Can you print every record below exactly as written?

** Opening Material for this task block **

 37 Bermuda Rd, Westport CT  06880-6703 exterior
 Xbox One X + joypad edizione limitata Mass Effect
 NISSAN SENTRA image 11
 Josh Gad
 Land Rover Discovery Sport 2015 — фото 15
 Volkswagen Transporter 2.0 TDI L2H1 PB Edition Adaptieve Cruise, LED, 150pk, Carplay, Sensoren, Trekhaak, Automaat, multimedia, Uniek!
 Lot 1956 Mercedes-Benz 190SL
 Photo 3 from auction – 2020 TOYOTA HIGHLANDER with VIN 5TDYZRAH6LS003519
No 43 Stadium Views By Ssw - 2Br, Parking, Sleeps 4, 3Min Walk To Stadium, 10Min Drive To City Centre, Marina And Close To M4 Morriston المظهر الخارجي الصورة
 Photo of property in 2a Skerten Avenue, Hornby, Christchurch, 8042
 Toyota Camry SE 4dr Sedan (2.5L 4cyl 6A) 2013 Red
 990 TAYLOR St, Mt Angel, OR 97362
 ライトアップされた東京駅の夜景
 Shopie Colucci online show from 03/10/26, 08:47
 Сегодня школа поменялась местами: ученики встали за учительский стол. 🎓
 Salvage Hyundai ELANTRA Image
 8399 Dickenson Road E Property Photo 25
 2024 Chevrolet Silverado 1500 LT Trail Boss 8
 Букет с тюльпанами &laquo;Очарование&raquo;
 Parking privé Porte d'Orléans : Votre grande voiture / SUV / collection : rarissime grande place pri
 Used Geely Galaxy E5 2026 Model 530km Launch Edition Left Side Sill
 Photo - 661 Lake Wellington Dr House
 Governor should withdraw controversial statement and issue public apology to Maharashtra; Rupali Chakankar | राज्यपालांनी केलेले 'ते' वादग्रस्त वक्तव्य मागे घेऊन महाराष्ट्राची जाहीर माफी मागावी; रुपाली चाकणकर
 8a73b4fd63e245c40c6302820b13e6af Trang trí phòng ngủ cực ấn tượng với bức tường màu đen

** Closing Material for this task block **

Finished task:
 37 Bermuda Rd, Westport CT  06880-6703 exterior
 Xbox One X + joypad edizione limitata Mass Effect
 NISSAN SENTRA image 11
 Josh Gad
 Land Rover Discovery Sport 2015 — фото 15
 Volkswagen Transporter 2.0 TDI L2H1 PB Edition Adaptieve Cruise, LED, 150pk, Carplay, Sensoren, Trekhaak, Automaat, multimedia, Uniek!
 Lot 1956 Mercedes-Benz 190SL
 Photo 3 from auction – 2020 TOYOTA HIGHLANDER with VIN 5TDYZRAH6LS003519
No 43 Stadium Views By Ssw - 2Br, Parking, Sleeps 4, 3Min Walk To Stadium, 10Min Drive To City Centre, Marina And Close To M4 Morriston المظهر الخارجي الصورة
 Photo of property in 2a Skerten Avenue, Hornby, Christchurch, 8042
 Toyota Camry SE 4dr Sedan (2.5L 4cyl 6A) 2013 Red
 990 TAYLOR St, Mt Angel, OR 97362
 ライトアップされた東京駅の夜景
 Shopie Colucci online show from 03/10/26, 08:47
 Сегодня школа поменялась местами: ученики встали за учительский стол. 🎓
 Salvage Hyundai ELANTRA Image
 8399 Dickenson Road E Property Photo 25
 2024 Chevrolet Silverado 1500 LT Trail Boss 8
 Букет с тюльпанами &laquo;Очарование&raquo;
 Parking privé Porte d'Orléans : Votre grande voiture / SUV / collection : rarissime grande place pri
 Used Geely Galaxy E5 2026 Model 530km Launch Edition Left Side Sill
 Photo - 661 Lake Wellington Dr House
 Governor should withdraw controversial statement and issue public apology to Maharashtra; Rupali Chakankar | राज्यपालांनी केलेले 'ते' वादग्रस्त वक्तव्य मागे घेऊन महाराष्ट्राची जाहीर माफी मागावी; रुपाली चाकणकर
 8a73b4fd63e245c40c6302820b13e6af Trang trí phòng ngủ cực ấn tượng với bức tường màu đen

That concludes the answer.